• [Work order]:
Find the line in the data below that contains "Bar Charm Hoop Earrings". Return that line and all the lines after it, unchanged.

• [Records provided]:

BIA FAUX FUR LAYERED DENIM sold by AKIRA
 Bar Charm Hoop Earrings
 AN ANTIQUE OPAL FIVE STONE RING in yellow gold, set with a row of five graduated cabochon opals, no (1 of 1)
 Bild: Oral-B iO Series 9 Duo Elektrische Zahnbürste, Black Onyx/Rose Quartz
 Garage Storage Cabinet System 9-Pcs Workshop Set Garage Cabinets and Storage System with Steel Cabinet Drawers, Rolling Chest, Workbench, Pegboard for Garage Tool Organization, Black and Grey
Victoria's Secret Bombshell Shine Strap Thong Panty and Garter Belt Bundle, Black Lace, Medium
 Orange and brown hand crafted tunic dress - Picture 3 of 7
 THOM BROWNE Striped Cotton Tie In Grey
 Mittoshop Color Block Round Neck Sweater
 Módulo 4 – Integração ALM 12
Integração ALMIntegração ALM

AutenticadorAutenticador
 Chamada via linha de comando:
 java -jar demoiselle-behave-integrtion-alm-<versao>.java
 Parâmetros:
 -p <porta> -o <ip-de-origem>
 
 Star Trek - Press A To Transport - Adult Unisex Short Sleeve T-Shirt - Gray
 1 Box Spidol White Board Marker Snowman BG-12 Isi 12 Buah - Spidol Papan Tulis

• [Result]:
 Bar Charm Hoop Earrings
 AN ANTIQUE OPAL FIVE STONE RING in yellow gold, set with a row of five graduated cabochon opals, no (1 of 1)
 Bild: Oral-B iO Series 9 Duo Elektrische Zahnbürste, Black Onyx/Rose Quartz
 Garage Storage Cabinet System 9-Pcs Workshop Set Garage Cabinets and Storage System with Steel Cabinet Drawers, Rolling Chest, Workbench, Pegboard for Garage Tool Organization, Black and Grey
Victoria's Secret Bombshell Shine Strap Thong Panty and Garter Belt Bundle, Black Lace, Medium
 Orange and brown hand crafted tunic dress - Picture 3 of 7
 THOM BROWNE Striped Cotton Tie In Grey
 Mittoshop Color Block Round Neck Sweater
 Módulo 4 – Integração ALM 12
Integração ALMIntegração ALM

AutenticadorAutenticador
 Chamada via linha de comando:
 java -jar demoiselle-behave-integrtion-alm-<versao>.java
 Parâmetros:
 -p <porta> -o <ip-de-origem>
 
 Star Trek - Press A To Transport - Adult Unisex Short Sleeve T-Shirt - Gray
 1 Box Spidol White Board Marker Snowman BG-12 Isi 12 Buah - Spidol Papan Tulis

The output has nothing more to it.